E' una delle indicazioni contenute nella circolare dell'agenzia delle Entrate n. 19 del 21 aprile scorso con cui sono state fornite una serie di chiarimenti sulle nuove regole sulla deducibilità degli interessi passivi dal reddito di impresa, introdotte con la legge n. 244/07.
L'articolo 1, comma 35, legge n. 244/07, ha introdotto una norma di interpretazione autentica dell'articolo 90, comma 2, del Tuir, secondo la quale «tra le spese e gli altri componenti negativi indeducibili di cui al comma 2, articolo 90 del testo unico delle imposte sui redditi non si comprendono gli interessi passivi relativi a finanziamenti contratti per l'acquisizione degli immobili indicati al comma 1 dello stesso articolo 90».
Tale norma ha portato al superamento di un precedente orientamento dell'agenzia delle Entrate che aveva ritenuto non deducibili gli interessi passivi relativi a finanziamenti contratti per l'acquisizione degli immobili di cui all'articolo 90, comma 1 del Tuir - c.d. immobili-patrimonio-(beni, cioè, diversi da quelli strumentali all'attività di impresa e diversi dai beni merci).
Ciò significa, prosegue l'Agenzia, che il comma 35, dell'articolo 1, deve essere interpretato nel senso che gli interessi passivi relativi a finanziamenti contratti per la costruzione ovvero per l'acquisto dei c.d. «immobili patrimonio» sono deducibili, non rientrando tra le spese e gli altri componenti negativi per cui vale il divieto di deducibilità, ex articolo 90, comma 2, del Tuir.

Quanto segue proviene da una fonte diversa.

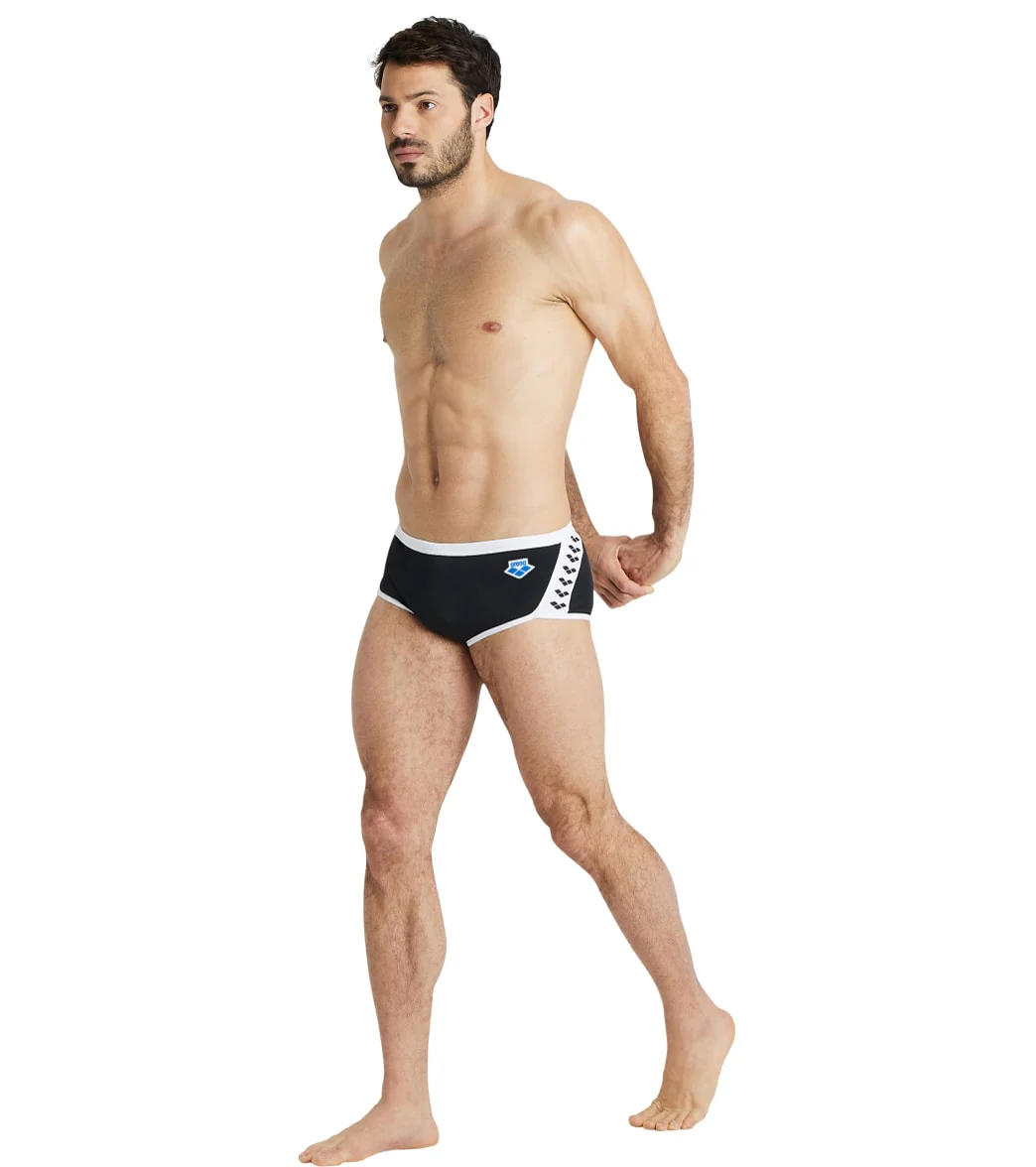 Arena Men's Icons Solid Low Waist Square Leg Swimsuit - Image 50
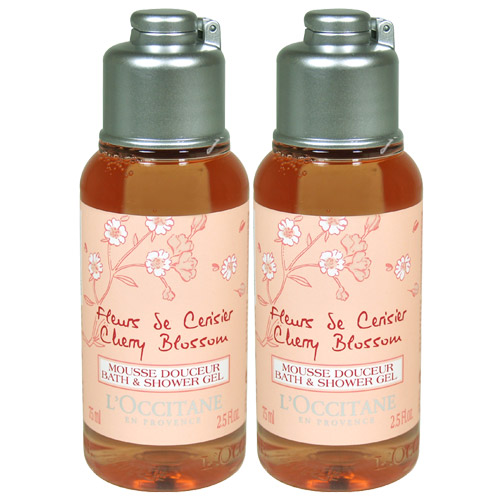 L’OCCITANE歐舒丹 櫻花沐浴膠(75ml)*2 L’OCCITANE歐舒丹 櫻花沐浴膠(75ml)*2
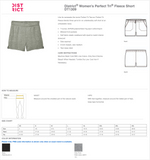 Women’s Perfect Tri® Fleece Short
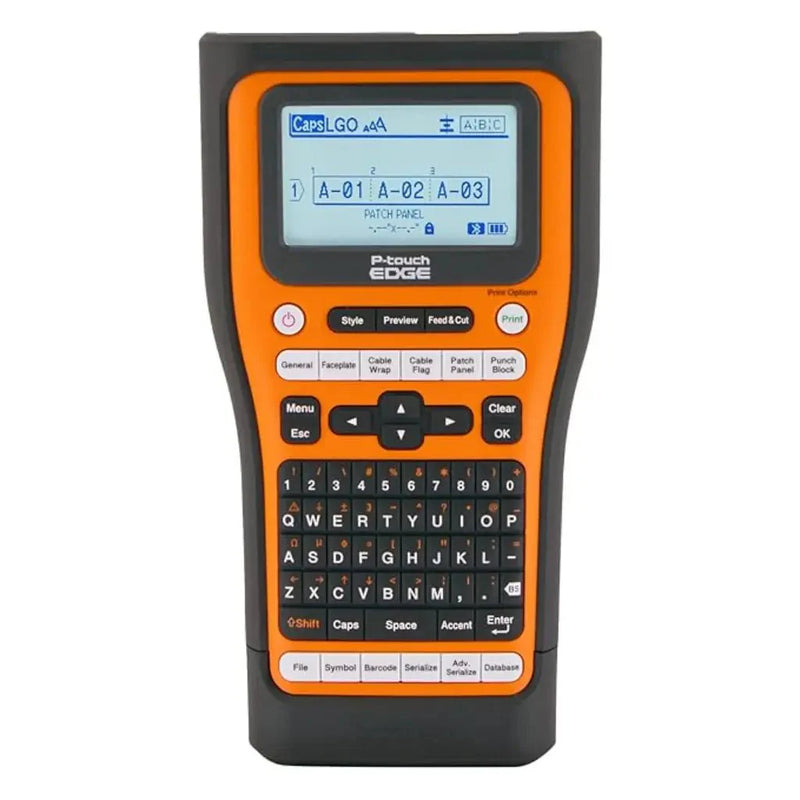 Brother PT - E560BT - VP Professional Label Printer for Electricians & Network Installers - SWIFT PERIPHERALSPT-E560BT-VP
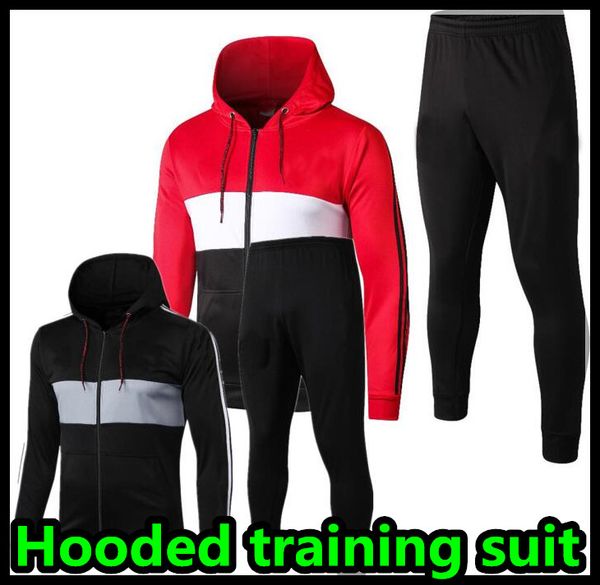 2019 2020 man survetement jacket training suit soccer jersey tracksuits 19 20 united hooded tracksuit football hoodie set manchester, Black
2019 2020 man survetement jacket training suit soccer jersey tracksuits 19 20 united hooded tracksuit football hoodie set manchester, Black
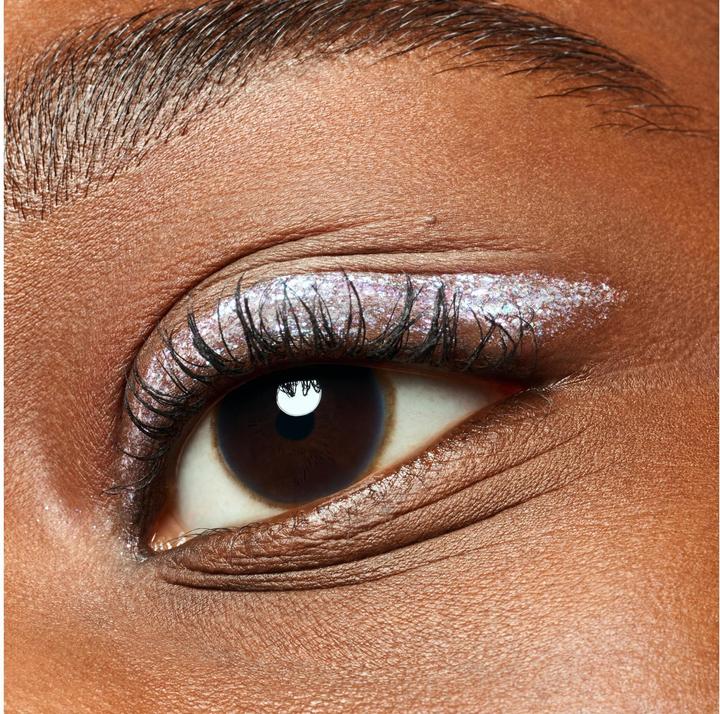 Actual product image essence JELLY JEWELS glitter eyeshadow topper (02 Celestial Shimmer)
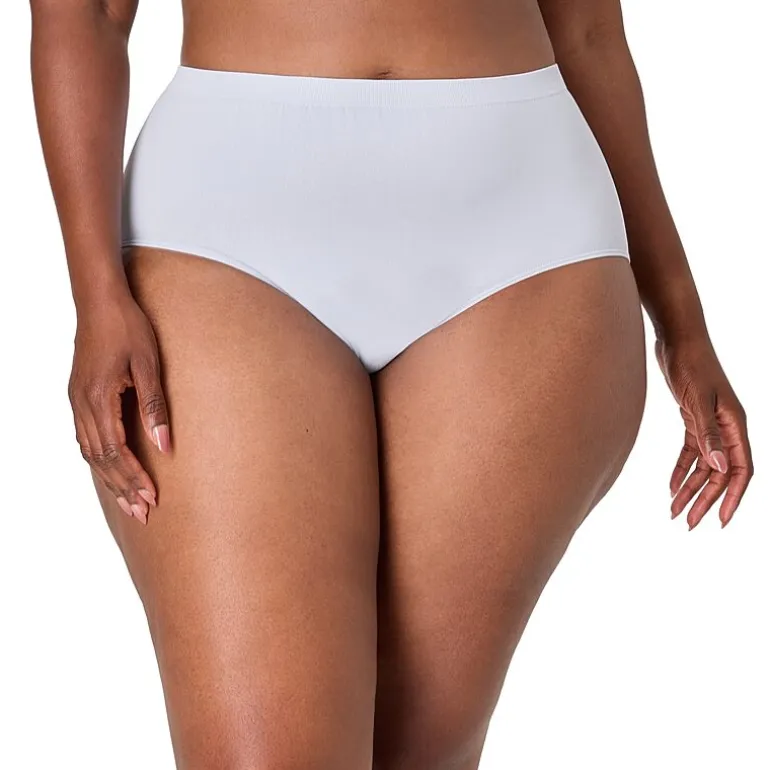 Bali Comfort Revolution® Womens Seamless Cooling Brief Panty 803j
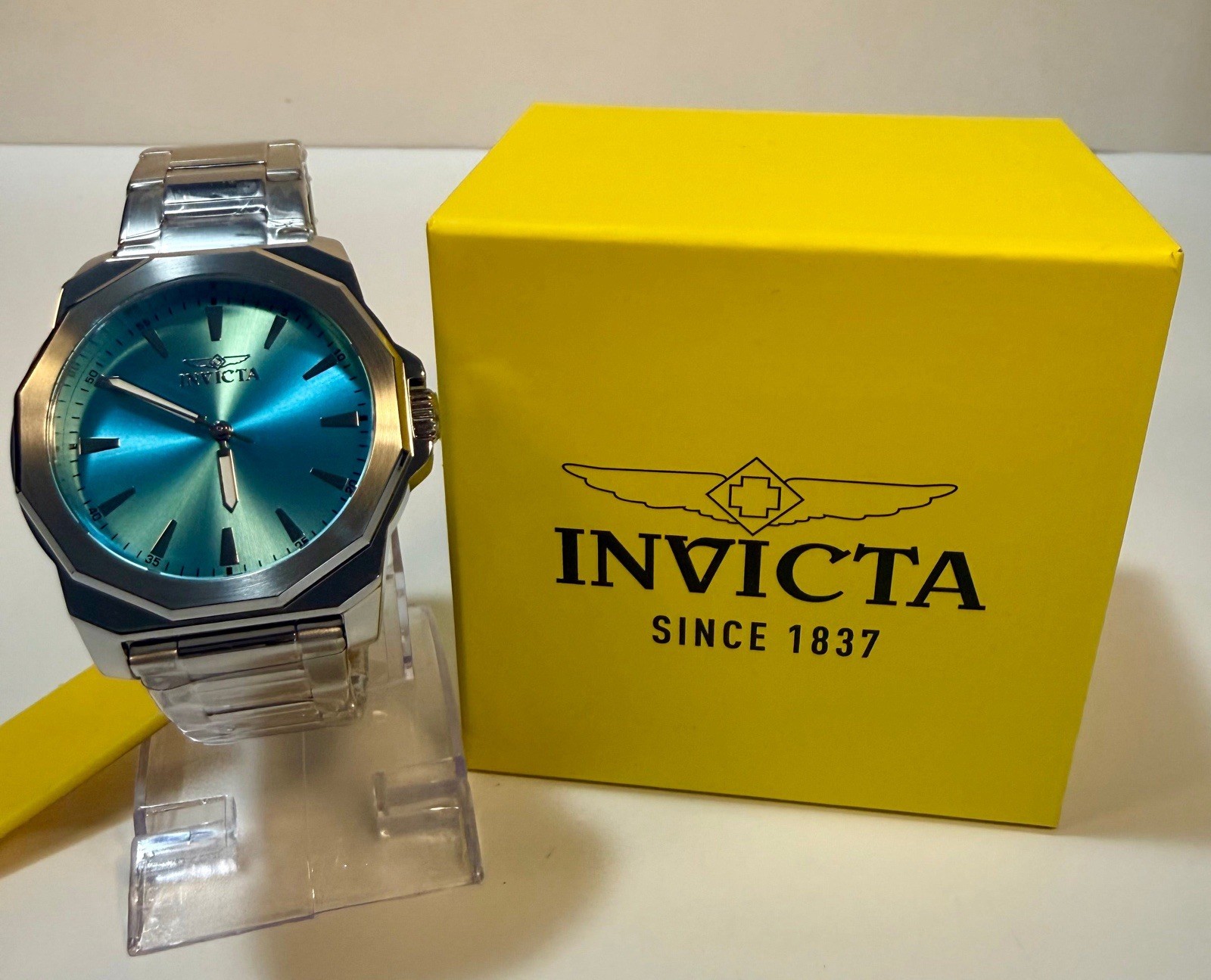 Invicta Speedway Dominus Men Watch 42mm Stainless Steel 12mm Thick Quartz 48912
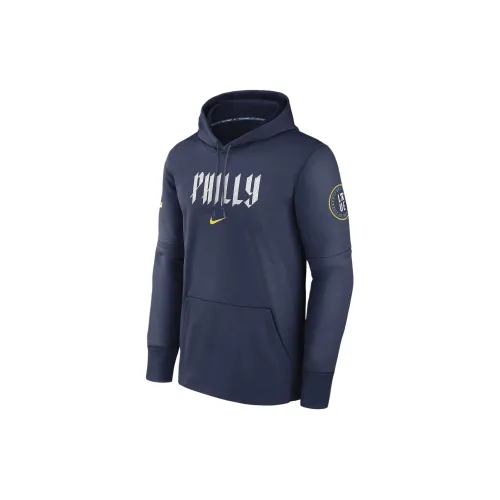 Mlb X Nike Sweatshirts Unisex Marine Blue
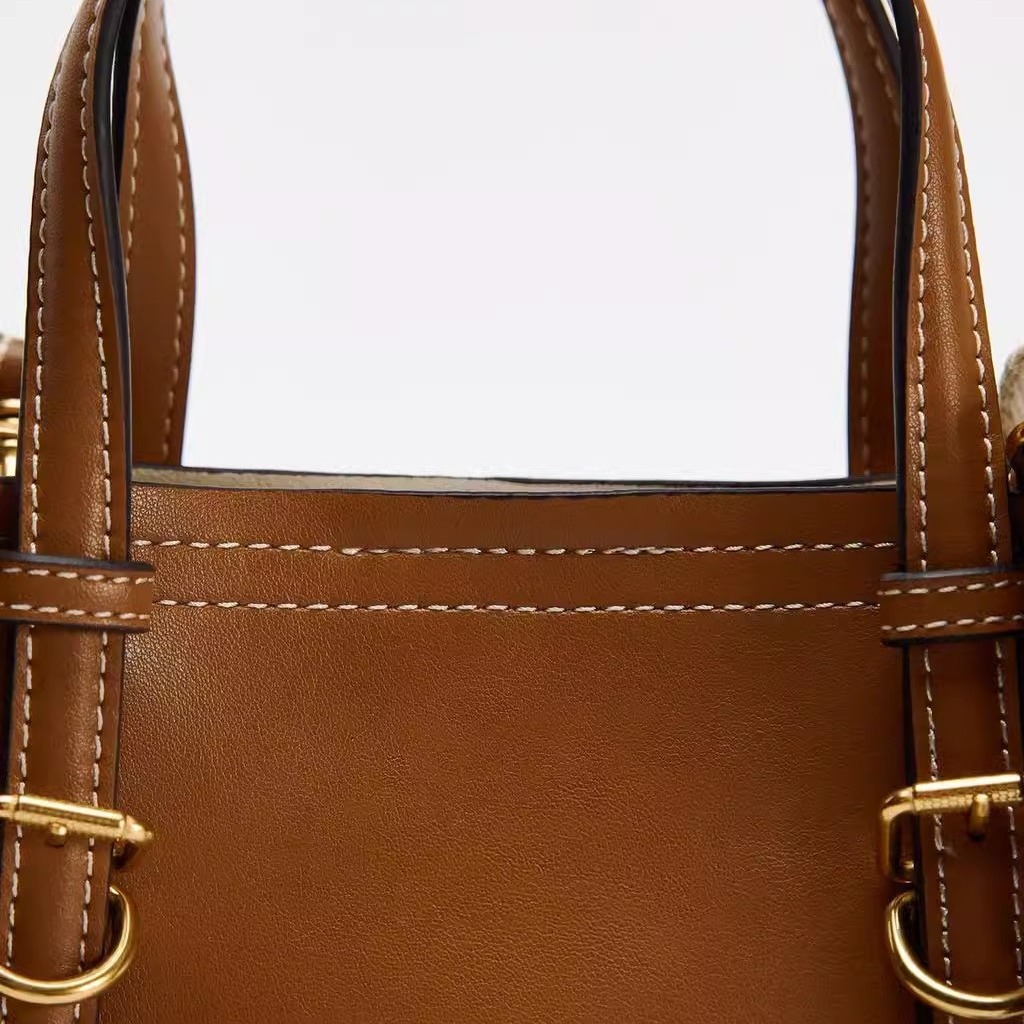 Women Fashion Pu Tote Bag Soli - Women Bags Zara ulasan dan harga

Con specifico riferimento alle cooperative edilizie a proprietà indivisa, la circolare in esame precisa che la norma di interpretazione autentica di cui al comma 35, comma 1, legge 244/07, supera anche l'interpretazione fornita dall'agenzia delle Entrate con la risoluzione n. 71/07, secondo la quale gli interessi passivi di finanziamento corrisposti dalle cooperative edilizie a
proprietà indivisa, per effetto della loro assimilazione alle persone fisiche, erano da considerare deducibili con le modalità previste dall'articolo 15 del Tuir per le persone fisiche.
Ne consegue, pertanto, che gli interessi passivi di finanziamento sostenuti per l'acquisto o per la costruzione dei «c.d. immobili-patrimonio », sono deducibili, per i soggetti Ires (e, quindi anche per le cooperative edilizie a proprietà indivisa) nei limiti e alle
condizioni di cui all'articolo 96 del Tuir (ovvero, se trattasi di interessi passivi sostenuti in periodi di imposta anteriori a quello in corso al 1 gennaio 2008, nei limiti di cui all'agli articoli 98,97 e 96 del Tuir nelle formulazioni previgenti).